The education value and politicalization potential from a national initiative could be substantial. Thousands of people would be involved in any national initiative campaign on one side or the other. Furthermore, the public's attention would be focused on debate and discussion of the merits or demerits of public policy issues rather than just on style, looks, image, and other similar aspects of many modern campaigns. Furthermore, the debate would be in public and in the open. The use of power by the people to attempt to solve pressing problems also would help to foster the fundamental democratic notion that the resources to meet the nation's needs rest with the people themselves and not with the enlightenment of a few strong leaders. The initiative process will provide one more way for the vox populi to speak and, more importantly, it will permit them to act rather than simply react to actions taken by others. Perhaps part of the reason for opposition by some special interests is based upon a belief about what might occur. As Robert Sherrill observed, "One suspects . . . that the national electorate might make some rather sensible decisions on such questions as whether to subsidize corporations at the taxpayer's expense or whether to make wealthy agribusiness wealthier for doing nothing." "

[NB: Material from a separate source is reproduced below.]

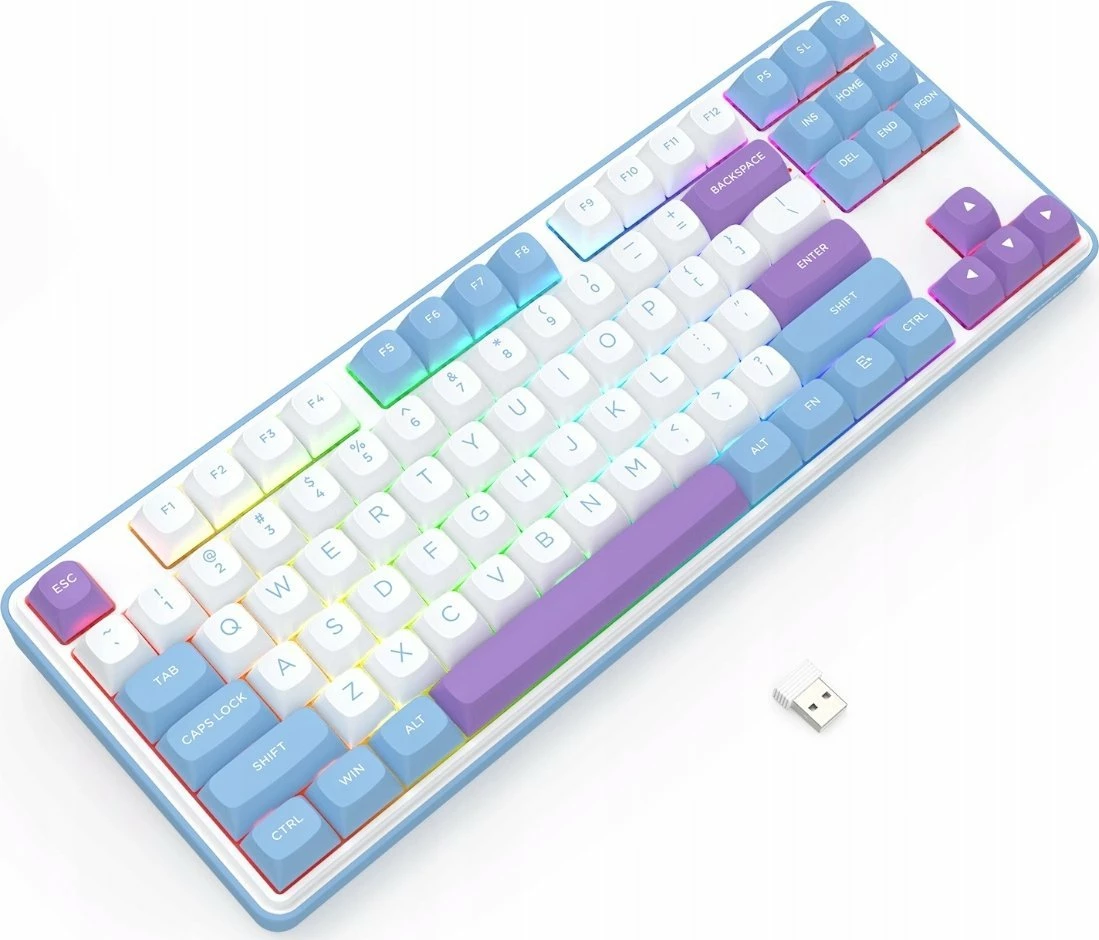 Tastierë gaming Redragon K707WBP-RGB-PRO StarBlade 80% TKL, RGB, tri-mode (USB/Bluetooth/2.4GHz), Mint Mambo switch, e bardhë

Finally, as Governor Hiram Johnson stated in his first inaugural address in 1911:

"If we can give to the people the means by which they may accomplish such other reforms as they desire, the means as well by which they may prevent the misuse of power temporarily centralized in the legislature and an admonitory and precautionary measure which will ever be present before weak officials, and the existence of which will prevent the necessity of its use, then all that lies in our power will have been done in the direction of safeguarding the future and for the perpetuation of the theory upon which we ourselves shall conduct the government. . . . And while I do not by any means believe the initiative, referendum, and recall are all the panacea for all our political ills, yet they do give to the electorate the power of action when desired, and they do place in the hands of the people the means by which they may protect themselves."

30 Crouch, op. cit., p. 17.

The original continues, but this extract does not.